Catch it –to get into trouble and receive punishment; to understand
"We're going to catch it if she comes back to the office early."
Play ball–to cooperate with someone
"As soon as both sides sign the contract, then we can play ball."
The way the ball bounces–fate, inevitability, destiny; randomness
"It's just the way the ball bounces, whether your application is accepted or not."
Sporting chance–a reasonably good possibility
"We thought we had a sporting chance when the other company withdrew its bid."
Whole new ball game–a new set of circumstances
"We found our way around Washington, D.C., without getting lost, but New York City is a whole new ball game."
Ballpark figure–an estimate
"At this time all we need is a ballpark figure. Exactness comes later."
Have the ball in someone's court–to have to make a response or take action
"We've made our proposal, so the ball's in their court now."

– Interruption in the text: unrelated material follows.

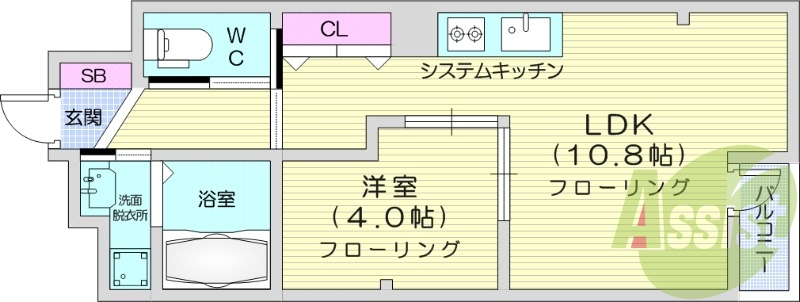 1LDK、BS、モニターホン、バストイレ別、トランクルーム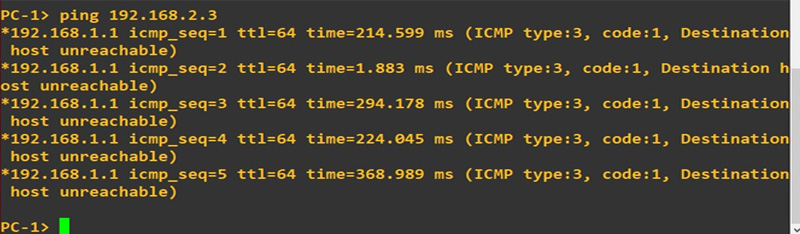 Unreachable Routing Type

Bench–to withdraw someone; to stop someone from participating
"The director of the play benched the lead actress because she was always late for rehearsals."

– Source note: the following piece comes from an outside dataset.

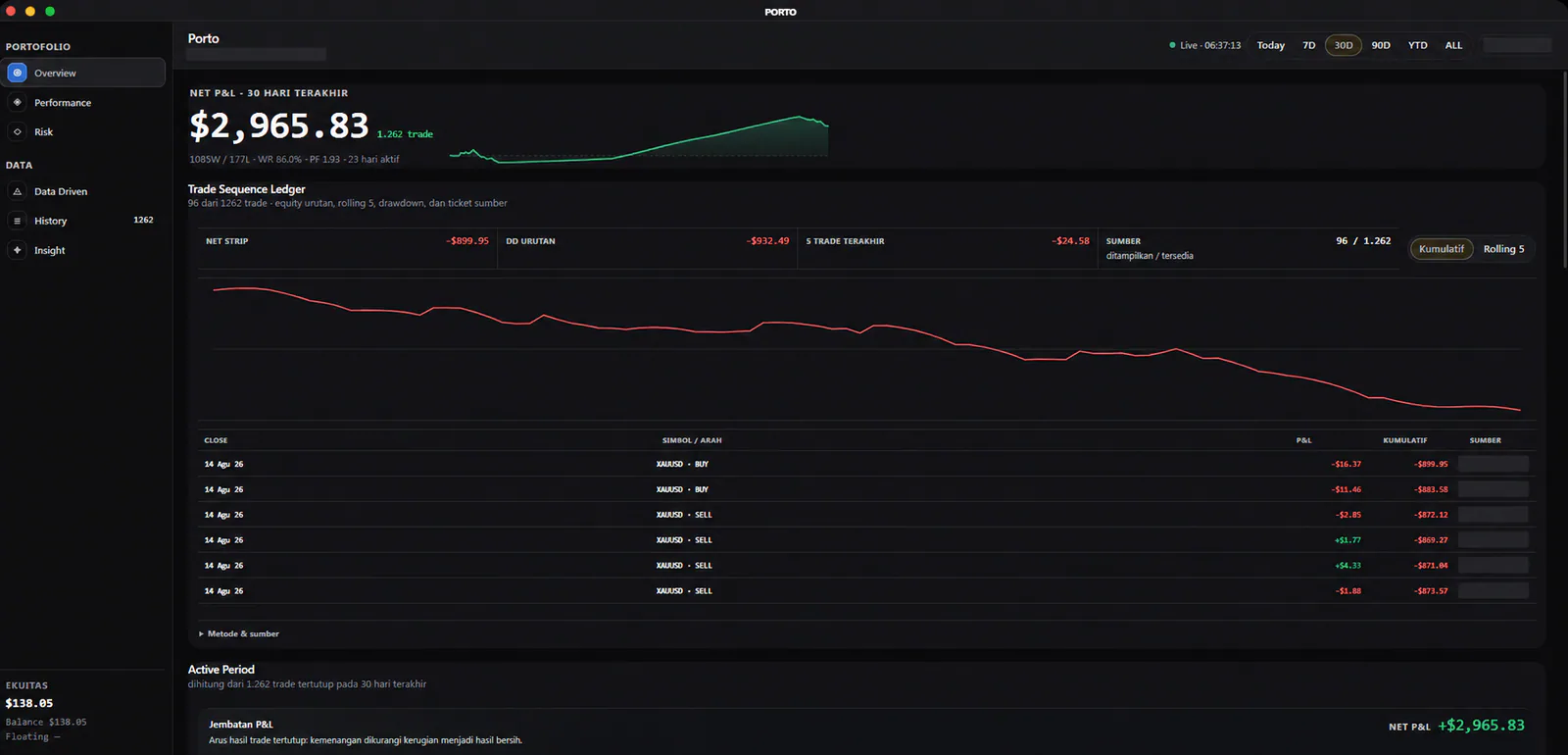 Portfolio overview with a 30-day net result, trade-sequence curve, and closed-trade rows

On the ball–knowledgeable; competent; attentive
"If we were on the ball, the bills would have been paid on time."
Be a hit–to please someone; be a success
"The award ceremony was a hit, attracting an overflow crowd."

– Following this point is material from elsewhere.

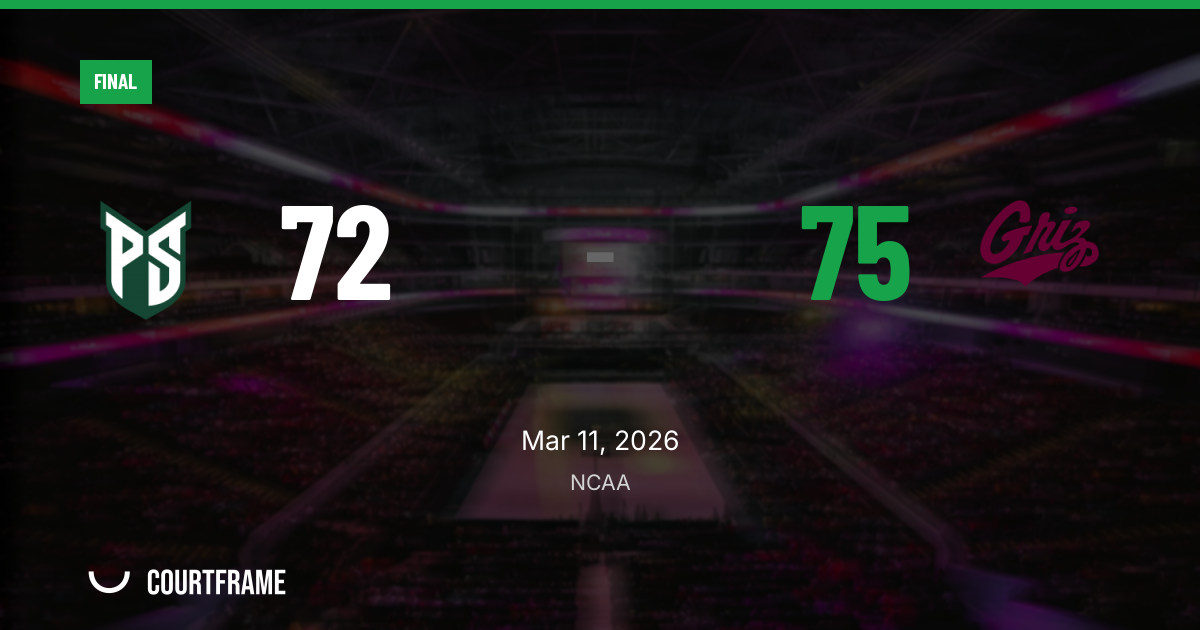 Montana holds off Portland State 75-72 after late Vikings surge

Step up to the plate–to act; take, accept responsibility
"Mary needs to step up to the plate and decide which proposal will best serve the interests of the company."
Strike out–to fail
"John struck out with his book proposal; he received a rejection letter from the publisher today."
Throw a curve–to fool, surprise; to bring up the unexpected
"The boss threw us a curve ball when he announced that each employee would have to bring his own food to the company picnic."
Off base–unrealistic; inexact; wrong
His cost estimate was way off base, far higher than warranted by current prices for labor and materials.
Out of left field–irrelevant; unexpected
His silly proposals for solving the problem came out of left field.
Full court press–intense pressure, effort
"The committee put on a full court press to collect the necessary funds."
Slam dunk–tremendous success; outstanding accomplishment
"The show was a slam dunk for the artist, who sold every painting he exhibited."
Pull one's punches–to hold back in one's criticism
"My English teacher doesn't pull any punches when it comes to discipline. She maintains an orderly classroom."
Throw in the towel–to quit; to give up
"When they found out he was receiving bribes, the Senator knew it was time to throw in the towel."
Against the ropes–about to fail, be defeated; at the point of exhaustion
"Already having been turned down twice for a loan, John was against the ropes when he asked a third bank to finance the car he had agreed to buy."
Bowl over–to surprise or overwhelm
"When I heard the news that I got the new job, it bowled me over."
American football idioms
End run–to avoid the usual procedures and authorities.
"He made an end run around his boss and got money for the project directly from the president of the company."
Huddle–to gather together to consult
"The board of directors huddled to discuss an anticipated protest by workers."
Horse racing idioms
Horse around–to waste time; to be careless
"During the meeting the boss shouted, 'Stop horsing around and get to work.'"
Down to the wire–to complete something at the last minute
"The student went down to the wire, turning in her essay just as the class bell rang."